Our latest viewing of Brides made more clear for us how British vampire films emphasize class and aristocracy in a way that'd make no sense for American movies. Class and the dominance of aristocracy or gentry was an inescapable fact in the 19th century Europe portrayed in Hammer's films, and its legacy had a long-term influence on English and European images of the dominant, lordly vampire who holds whole communities in thrall. If American stories have made the vampire a different sort of creature, it's at least partly because Americans, no matter how much they may embrace certain gothic motifs and concepts, don't really feel that feudal heritage. The vampire as predatory aristocrat was bound to become too campy to be taken seriously, and at that point the vampire had to become something meaningful to an American or a post-aristocratic global audience.
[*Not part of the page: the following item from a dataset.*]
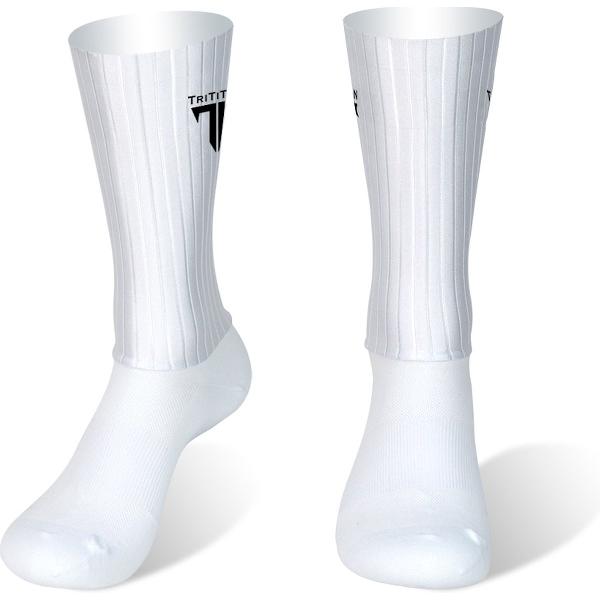 TriTiTan Professional Breathable Aero Cycling Socks - Fietssokken - Wit - S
People watching Brides today may not get how the Meinsters could hold such sway over their community; as a result, they may miss some of the horror of films like this one.




Bite a Van Helsing in the neck and then just walk away? You deserve everything you get, Meinster.




In Hammer history, Brides can be seen as the middle film of a trilogy dealing with the "cult of the vampires" that closes with Kiss of the Vampire, which does without both Dracula and Van Helsing but boasts a much bigger cult. While certain concepts of Brides (particularly the girls' school setting) are taken up again in the sexier Karnstein films of the Seventies, the film itself is a kind of dead end in that Hammer didn't use Van Helsing again until they cast Cushing as a modern-day version of the character in Dracula A.D. 1972. The studio must have decided that it couldn't build a horror series around a hero, though they would try to create their own such hero late in the day in Captain Kronos. Like Kiss, Brides is perceived as a poor relation to the "real" Dracula films lorded over by Christopher Lee. In Wendigo's opinion, Brides is much better, despite its inferior vampire, to many of the later Lee films. It may be the most visually impressive of all the Hammer vampire films, and it deserves respect as one of Peter Cushing's greatest showcases.

David Peel is relegated to fifth billing behind Cushing, two old ladies and "France's newest sex kitten" in this U.S. trailer, uploaded to YouTube by TheFearChamber.

2 comments:

dfordoom said...

I agree with Wendigo - some of Hammer's vampire films are not actual Dracula films. Vampire Circus for example.

venoms5 said...

I love this one. It's a huge favorite of mine. One of the company's best I'd say as well as being one of their best looking movies. A good handful of memorable sequences, too. It's also my fave Cushing Van Helsing role.